Required work:
Pictures left aside, return the lines below exactly, from the one with "化工 分析仪器 其他分析仪器 ></p></a> 500倍高清毛鳞片检测仪头皮检测仪毛囊" to the end, including both ends.

Given information:
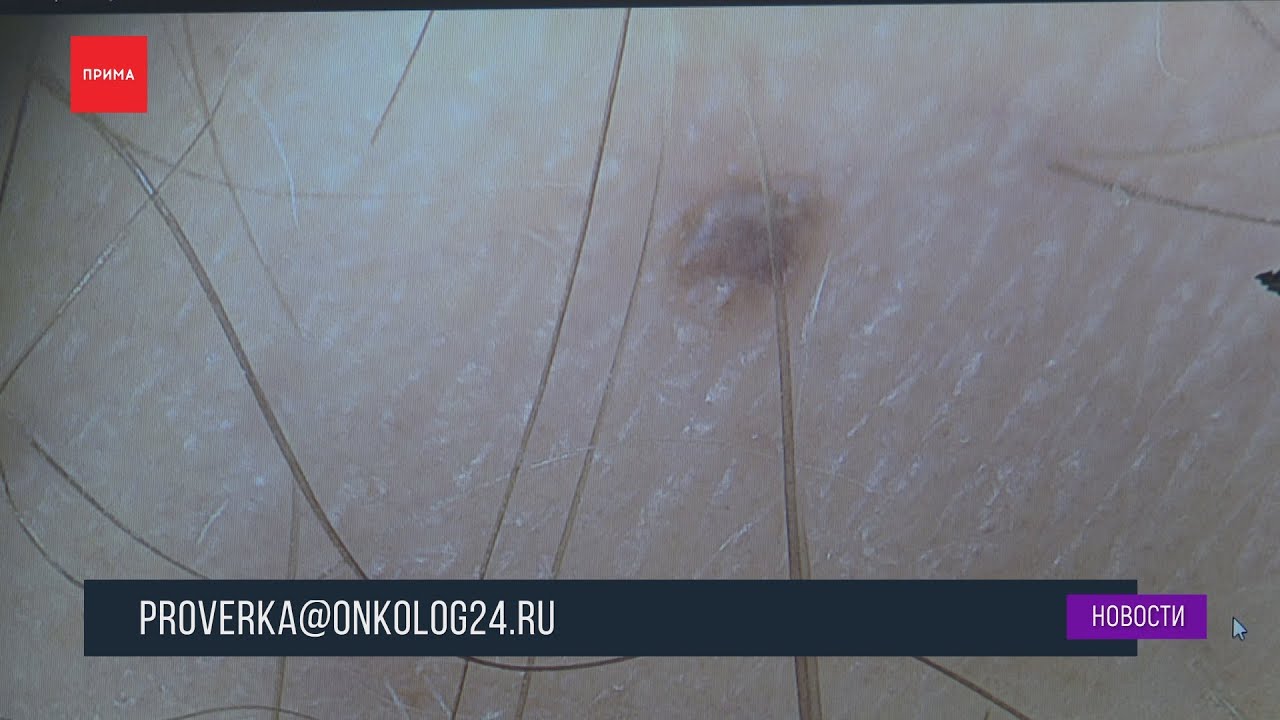 Проверить родинки можно будет онлайн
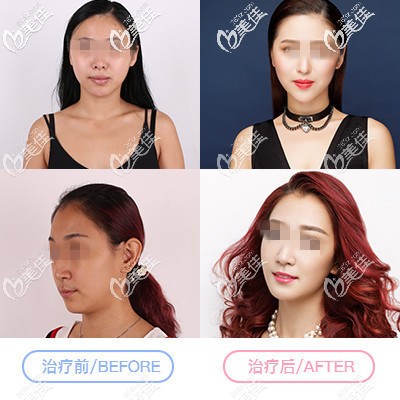 面部脂肪填充對比案例 面部脂肪填充對比案例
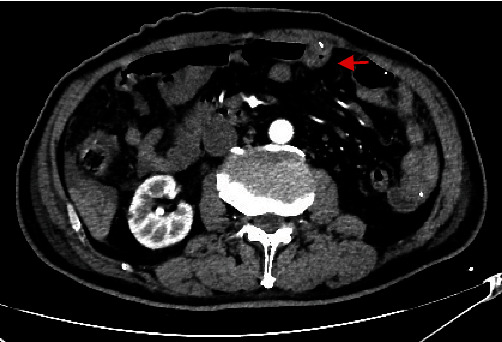 Ultra-Proximal Jejunostomy Application after McKeown-Type Esophagectomy: A Retrospective Case-Series Study.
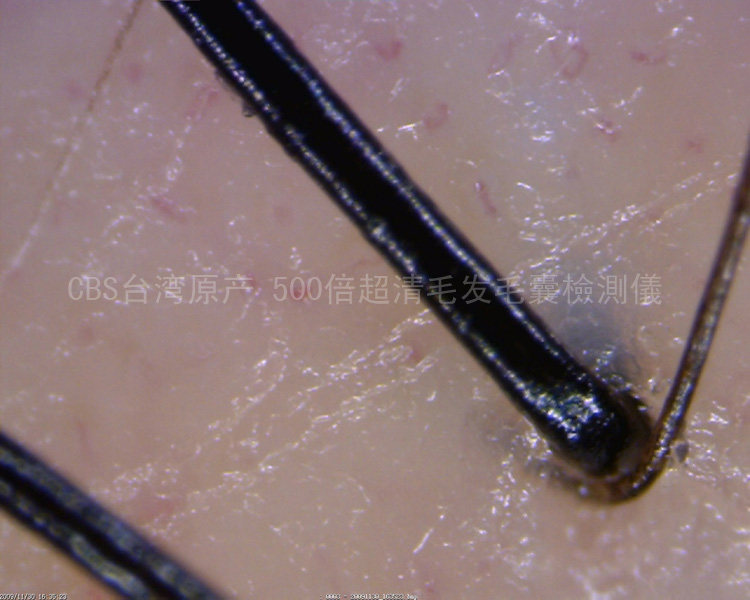 化工 分析仪器 其他分析仪器 ></p></a> 500倍高清毛鳞片检测仪头皮检测仪毛囊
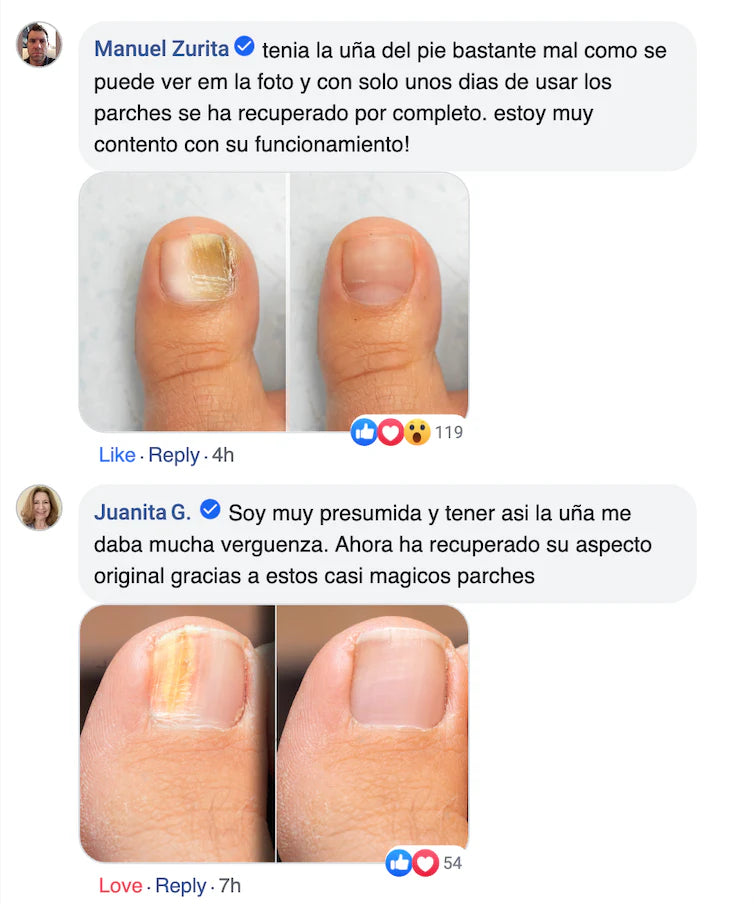 Parches mata hongos I OFERTA 3x1🎁Adiós a las uñas encarnadas!! NailsPatches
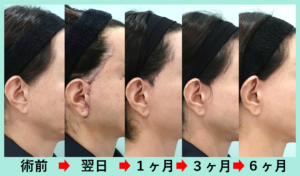 切開リフト術前から完成までのダウンタイム経過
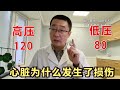 高压120，低压80，却发生了心脏损伤，病因是什么？医生说出答案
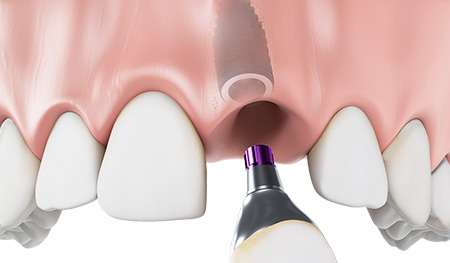 The final CONELOG restoration with an emergence that directly matches the soft tissue and offers esthetic advantages.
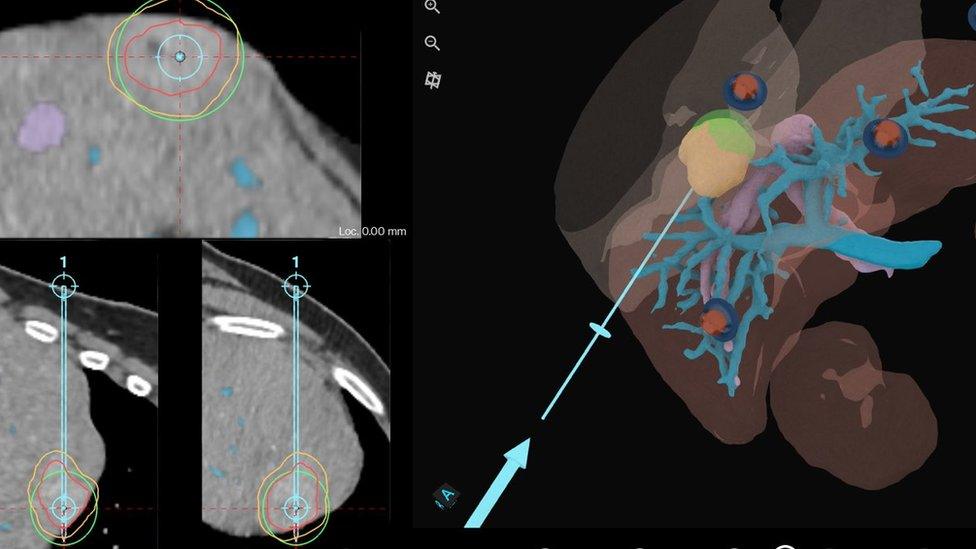 Scan image with liver tumour outlined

Task result:
 化工 分析仪器 其他分析仪器 ></p></a> 500倍高清毛鳞片检测仪头皮检测仪毛囊
 Parches mata hongos I OFERTA 3x1🎁Adiós a las uñas encarnadas!! NailsPatches
 切開リフト術前から完成までのダウンタイム経過
 高压120，低压80，却发生了心脏损伤，病因是什么？医生说出答案
 The final CONELOG restoration with an emergence that directly matches the soft tissue and offers esthetic advantages.
 Scan image with liver tumour outlined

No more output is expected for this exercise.